»»

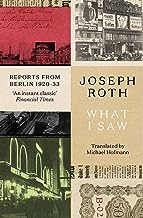 What I saw: Reports from Berlin 1920-33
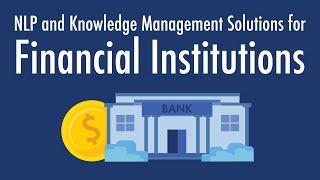 NLP and Knowledge Management Solutions for Financial Institutions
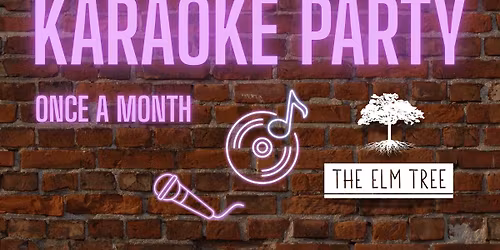 Karaoke Party - The Elm Tree - Free Entry - Once a Month 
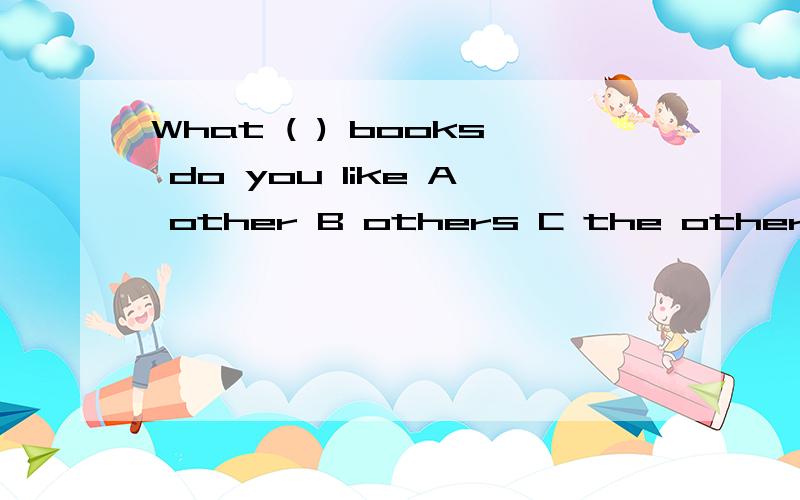 What ( ) books do you like A other B others C the other D any other是不是选A?应该选什么,请说明理由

««

• _Exercise_
Set out nothing but the lines from the line with "Karaoke Party - The" through the end of the material, reproduced exactly, both ends included, pictures omitted.

• _Written answer_
 Karaoke Party - The Elm Tree - Free Entry - Once a Month 
 What ( ) books do you like A other B others C the other D any other是不是选A?应该选什么,请说明理由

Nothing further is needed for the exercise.